The Scottish tax year 2026/27 runs from 6 April 2026 to 5 April 2027. If you live in Scotland and are paid through PAYE, your take-home pay is affected by Scottish Income Tax (plus UK-wide deductions like National Insurance, pension contributions, and possibly student loans).
Want a personalised breakdown in seconds? Use: Scottish take-home pay, or compare against the rest of the UK with: UK take-home pay, Wales take-home pay, Northern Ireland take-home pay. You can also convert pay quickly: salary to hourly, hourly to salary, monthly to hourly.
💡 Quick note (important)
Scottish Income Tax applies to non-savings/non-dividend income. Savings/dividends are generally taxed using UK rates. If you’re not sure, the safest approach is to run your numbers in the Scotland take-home calculator.
1. Personal Allowance (still UK-wide)
The standard Personal Allowance remains £12,570 for most people.

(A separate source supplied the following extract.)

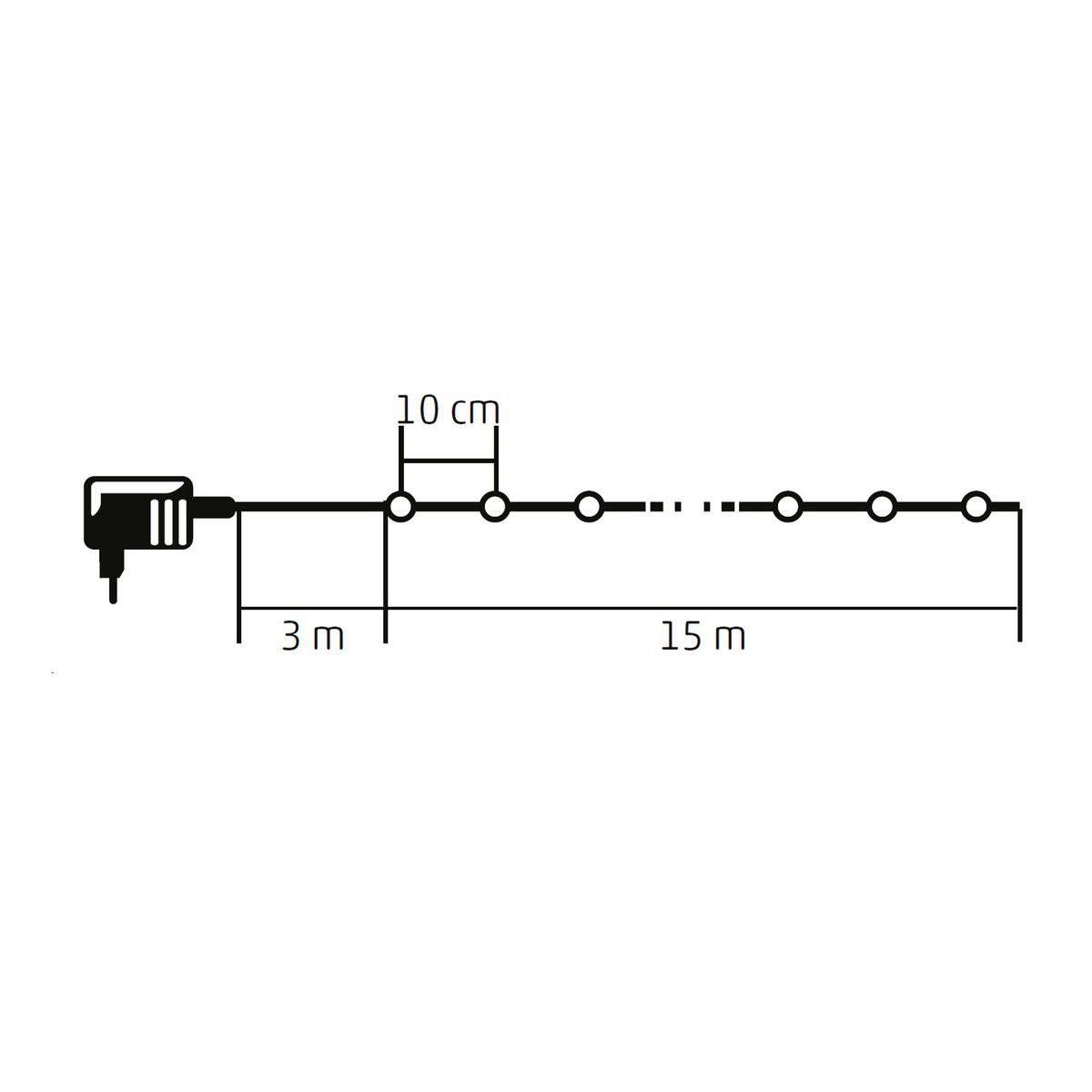 FÉNYFÜZÉR - fehér, Basics, műanyag (1500cm)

This is UK-wide and applies in Scotland too.
🔢 Pro tip
If you earn over £100,000, your Personal Allowance reduces by £1 for every £2 over £100,000. That can change your effective tax rate a lot — check your exact take-home here: Scotland Take-Home Pay.
2. Scotland Income Tax Bands (2026/27)
For 2026/27, Scotland keeps the same headline tax rates, but increases the thresholds for the Starter and Basic bands (which also shifts where the Intermediate band starts).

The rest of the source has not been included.